Directions for this task: Retype the listing exactly; omit pictures.

Available records:
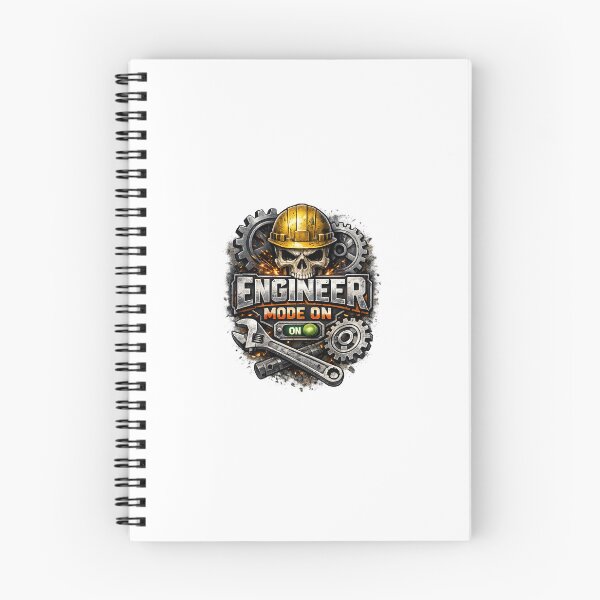 Item preview, Engineer Mode On Industrial Design designed and sold by SugarSketch by VanshShristi.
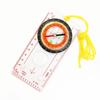Linpan DC45-5C Прозрачная карта-планшет Компас Линейка (5-Pack)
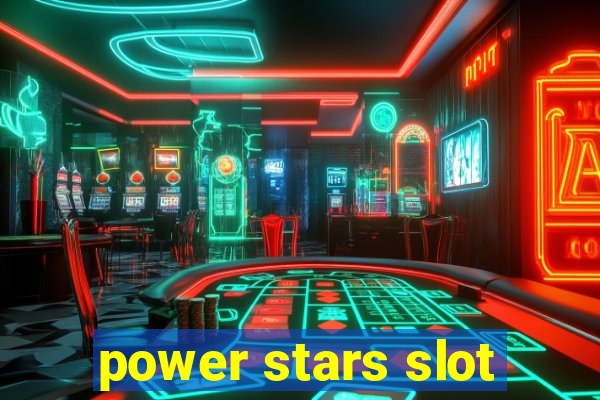 power stars slot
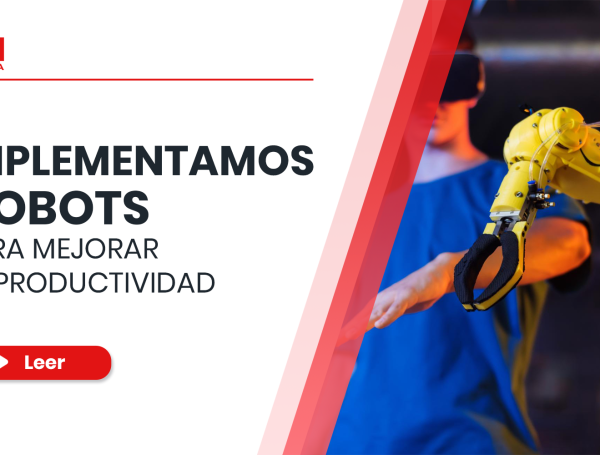 Implementamos cobots para mejorar productividad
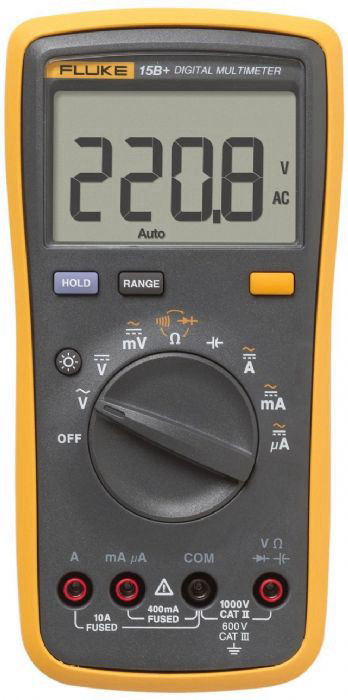 רב מודד דגם 15B מבית Fluke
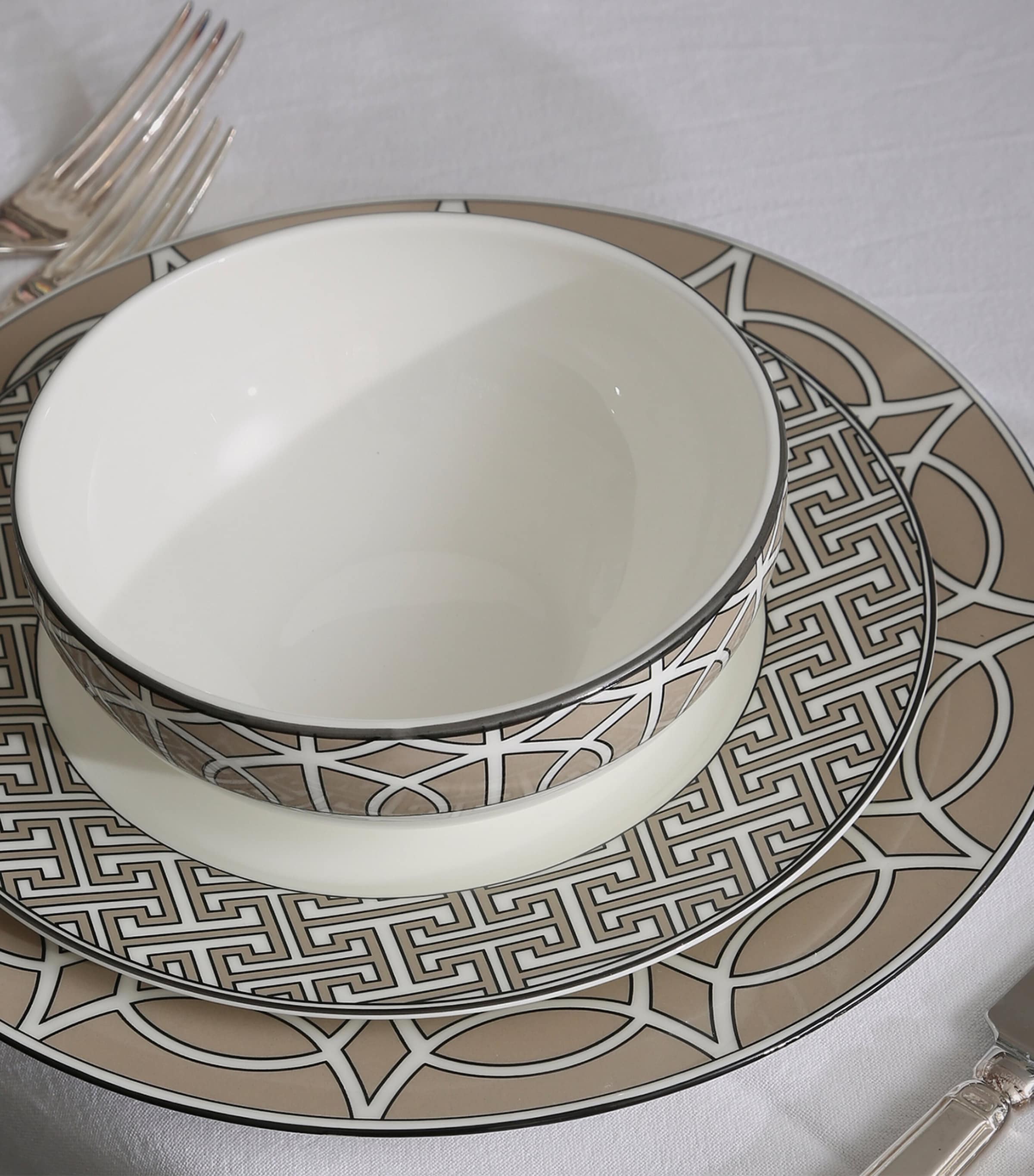 Loop Breakfast Bowl (15cm) TRUFFLE Image 5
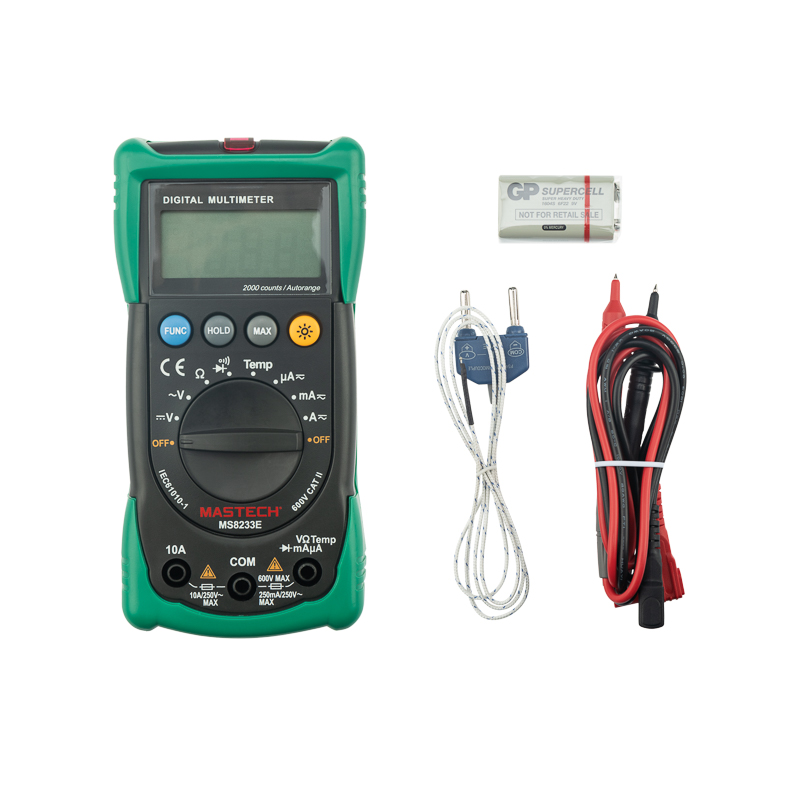 картинка Мультиметр универсальный MS8233E MASTECH REXANT !!! от магазина Электротехника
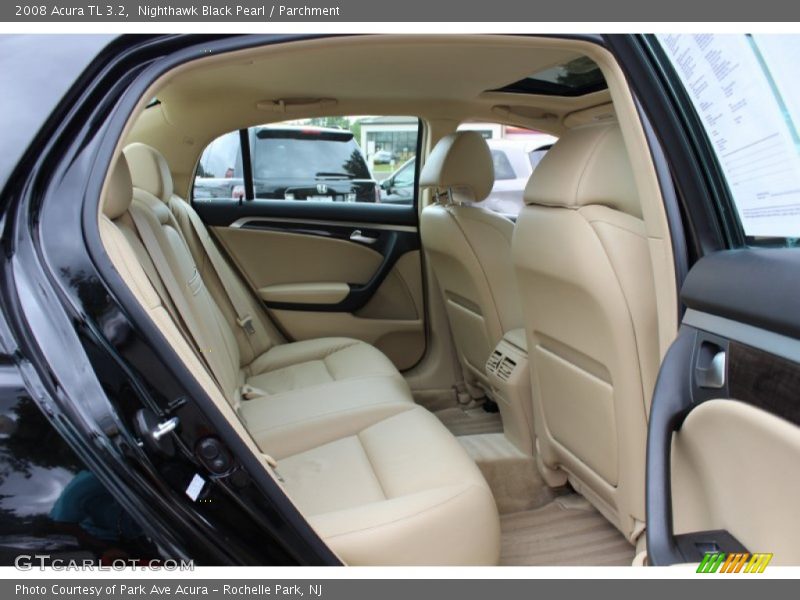 Nighthawk Black Pearl / Parchment 2008 Acura TL 3.2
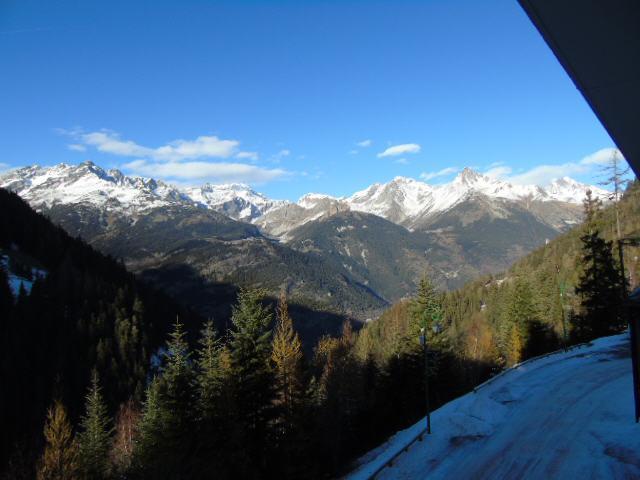 Location au ski Appartement 2 pièces coin montagne 6 personnes (21) - Résidence le Grand Argentier - Valfréjus - Balcon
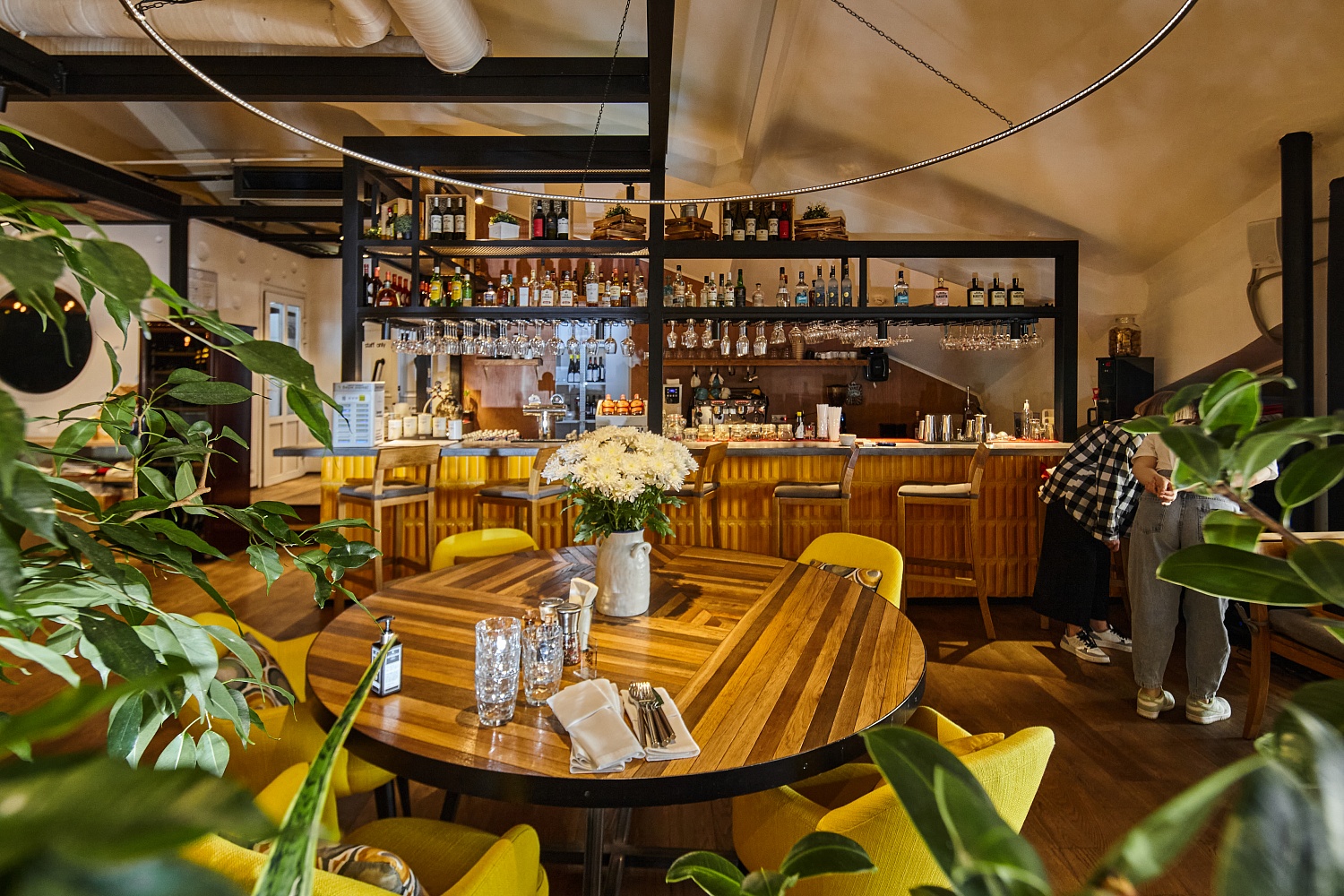 Ресторан "Сыроварня" на Усачевском рынке (Москва)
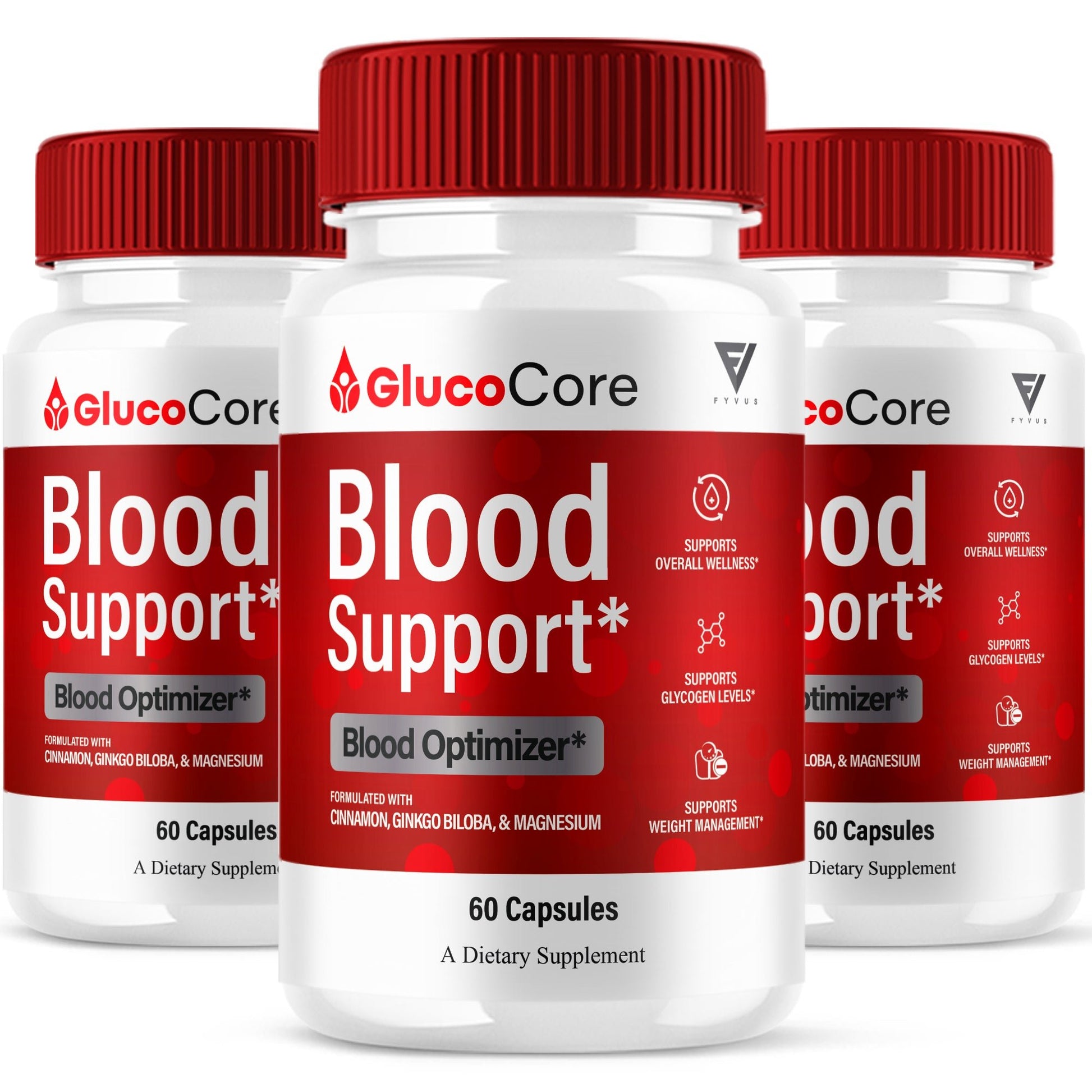 Gluco Core Capsules - Vitamin Place - Blood Sugar Capsules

Solution for this exercise:
 Item preview, Engineer Mode On Industrial Design designed and sold by SugarSketch by VanshShristi.
Linpan DC45-5C Прозрачная карта-планшет Компас Линейка (5-Pack)
 power stars slot
 Implementamos cobots para mejorar productividad
 רב מודד דגם 15B מבית Fluke
 Loop Breakfast Bowl (15cm) TRUFFLE Image 5
 картинка Мультиметр универсальный MS8233E MASTECH REXANT !!! от магазина Электротехника
 Nighthawk Black Pearl / Parchment 2008 Acura TL 3.2
 Location au ski Appartement 2 pièces coin montagne 6 personnes (21) - Résidence le Grand Argentier - Valfréjus - Balcon
 Ресторан "Сыроварня" на Усачевском рынке (Москва)
 Gluco Core Capsules - Vitamin Place - Blood Sugar Capsules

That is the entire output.